Jumat, 20 Agustus 2010

Jugun ianfu

Tiada yang lebih menyakitkan dan merendahkan ketika pengalaman pribadi seseorang dinyatakan tidak benar dan bahkan diingkari. Namun itulah yang terjadi pada para eks jugun ianfu, istilah Jepang bagi ‘perempuan penghibur’, yang sesungguhnya adalah para perempuan yang dipaksa dengan kekerasan menjadi budak seks militer Jepang pada Perang Dunia II. Awal bulan Maret 2007, Perdana Menteri Jepang Shinzo Abe mengatakan bahwa tidak ditemukan bukti-bukti terjadinya pemaksaan terhadap para perempuan untuk menjadi budak seks selama pendudukan Jepang di Asia Pasifik.

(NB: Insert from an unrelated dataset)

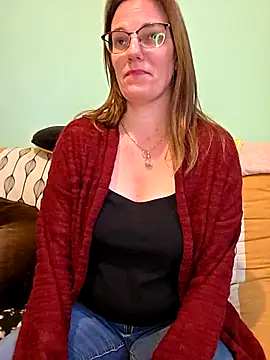 SpiceLea online show from 12.04.25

Pernyataan resmi pemerintah Jepang tersebut bukan hanya menyakiti para eks jugun ianfu, melainkan mengingkari bukti-bukti sejarah yang ada. Pernyataan Perdana Menteri Abe ini menyulut kemarahan di negara-negara seperti Cina, Korea, Filipina dan Belanda yang sejumlah warganya juga menjadi korban perbudakan seks tentara Jepang ketika menduduki Indonesia. Para sejarawan memperkirakan bahwa terdapat sekitar 200 ribu perempuan Korea, Cina, Filipina, Taiwan dan Indonesia yang dipaksa menjadi budak seks tentara Dai Nippon pada waktu itu. Di Indonesia sendiri terdapat sekitar 1.500 perempuan yang sebagian besar telah wafat, dan kalaupun masih hidup, sudah sangat renta. Apabila pemerintah Jepang menyatakan tidak ditemukan bukti adanya pemaksaan, apakah dengan demikian kesaksian 200 ribuan perempuan yang menyatakan diri mereka dipaksa ke dalam perbudakan seks itu adalah bohong belaka?
Tahun 1992, untuk pertama kalinya, Kim Hak Soon korban asal Korea Selatan membuka suara atas kekejaman militer Jepang terhadap dirinya ke publik. Setelah itu masalah jugun ianfu pun terbongkar dan satu per satu korban dari berbagai negara angkat suara. Dengan semakin kuatnya gaung suara korban yang sahut-bersahutan di wilayah Asia-Pasifik, tahun 2000 digelar Tribunal Tokyo yang menuntut pertanggung-jawaban Kaisar Hirohito dan pihak militer Jepang atas praktek perbudakan seksual selama perang Asia-Pasifik. Tahun 2001 final keputusan dikeluarkan di Tribunal The Hague, Negeri Belanda. Setelah itu tekanan internasional terhadap pemerintah Jepang terus dilakukan.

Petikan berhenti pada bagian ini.